I am a big proponent of superconsumer strategy: find, listen to, and engage with your most passionate customers; understand their tastes, emotions, and behaviors; lean into the aspects that also resonate with a much larger group of potential superconsumers; and then tailor your decision making, coordinate, and concentrate your cross-functional investments, and innovate—both your product and your business model—to give these consumers what they want and need.

I’ve found that managers who fully embrace a superconsumer strategy learn more from their consumers through increased empathy. These managers are more persuasive at getting buy-in from the leaders in their organization, make better strategic decisions, and achieve more stable, more predictable, and longer-term growth.

I also know all too well that, like all strategies, superconsumer strategies can be hard to implement, because of internal processes, misaligned incentives, and organizational structures that are difficult to navigate. And even if you’re successful at overcoming those obstacles, it’s very hard to keep up the momentum. Good leadership certainly helps, but more often than not, the organization will revert to business as usual.

That’s why it’s imperative to ensure your strategy deeply resonates with your organizational culture. With superconsumers, this is actually straightforward. And this is not just the superconsumers outside your organization who are passionate about your products and services. I’m talking about the superconsumers who are inside your organization, working at every level: the fashionista who works in the mail room at the headquarters of an apparel company, or the finance manager who works for a pork brand and who eats three pounds of bacon in any given week. My point is, inside the walls of your company, there are superconsumers who are passionate and engaged. So find them, ask questions, and let them help you. Let your superconsumers be superconsumers at work.

The key is to look beyond just the obvious places like marketing. Superconsumers can exist in your company across all functions. And they’re sure to have great ideas about how to improve your products and business.

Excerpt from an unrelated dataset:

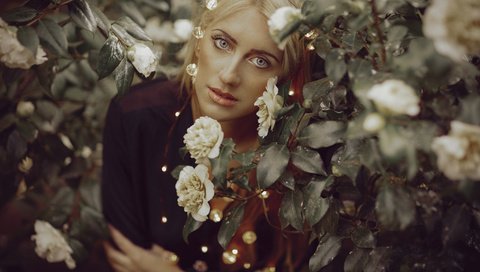 Обои глаза, цветы, девушка, фон, лето, волосы, лицо, eyes, flowers, girl, background, summer, hair, face разрешение 2048x1365 Загрузить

If there are superconsumers in your midst, and if they’re encouraged to speak their minds, they will inject your culture with extra doses of energy, empathy, and creativity.

Unlocking Energy

The airline industry has experienced great volatility from deregulation, takeovers through mergers and acquisitions, and, as always, unpredictable forces of nature. So when I asked Mark Krolick—managing director of marketing and product development at United Airlines—about the hypothesis that having more superconsumers as leaders or employees enhances business performance, he smiled. “My guess is that one hundred percent of United’s employees are superconsumers of travel,” he said. “The romance of travel is near and dear to everyone’s heart. There can be a lot of stress in this industry. It’s not for everyone. But our employees know this full well and embrace this because it is a labor of love.”

Krolick also noted that a meaningful number of United Airlines employees are also pilots—these are super-superconsumers. Krolick himself is a pilot, and although he does admit that his pilot skills don’t necessarily help him out in the day-to-day aspects of marketing, they do help him appreciate the challenges that exist on the front lines and cross-functionally. “The learning curve in any industry is steep, but it is particularly so in the airline industry. The superconsumer effect is realized in more loyalty, lower turnover for United and in the industry. Longer tenure reduces the challenge of a steep learning curve.”

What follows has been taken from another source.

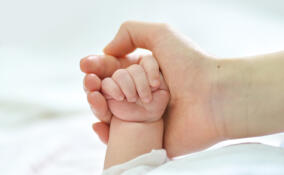 В августе в Ленобласти родился 1 141 малыш – рекорд 2023 года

Keith Levy, who oversaw the creation of Bud Light Lime and other similar products as vice president of marketing and sales for Anheuser-Busch, took a similar stand on in-house superconsumers. (Disclosure:Anheuser-Busch is a former client.) He estimated that 95 percent of Anheuser-Busch employees loved and enjoyed beer and the remaining 5 percent loved beer but could not drink it for medical reasons like celiac disease. The passion was infectious. Levy told me that his wife would accost people for drinking a competitor’s beer. Levy, now at Royal Canin, a pet food company, told me that the same employee passion holds true there. Once his employees start feeding their pets Royal Canin and seeing the clear benefits, they become much more energized and work harder because they have firsthand experience of the impact of the products they are making and selling.

Both Krolick and Levy highlight a seminal point: passion is not a finite resource. Time is a finite resource, but energy is not. In one of my favorite articles, “Manage Your Energy, Not Your Time,” Tony Schwartz and Catherine McCarthy go deeper into energy: “Defined in physics as the capacity to work, energy comes from four main wellsprings in human beings: the body, emotions, mind, and spirit. In each, energy can be systematically expanded and regularly renewed.” Energy is an expanded resource that few companies fully tap into. Schwartz and McCarthy describe how to access this energy: “To effectively reenergize their workforces, organizations need to shift their emphasis from getting more out of people to investing more in them, so they are motivated—and able—to bring more of themselves to work every day.” Sounds like letting superconsumers be superconsumers at work, doesn’t it?

Building Empathy

I spoke with Patty McCord, the former chief talent officer of Netflix from 1998 to 2013. During her tenure, Netflix stock grew more than forty times bigger, so she speaks with authority about building a high-performance company. In fact, she literally wrote the book on it. Along with Reed Hastings, Netflix’s founder and CEO, she wrote a PowerPoint presentation on Netflix culture. The presentation quickly went viral and has been viewed more than five million times. Sheryl Sandberg, chief operations officer of Facebook, called McCord and Hasting’s presentation the most important document ever to come out of Silicon Valley.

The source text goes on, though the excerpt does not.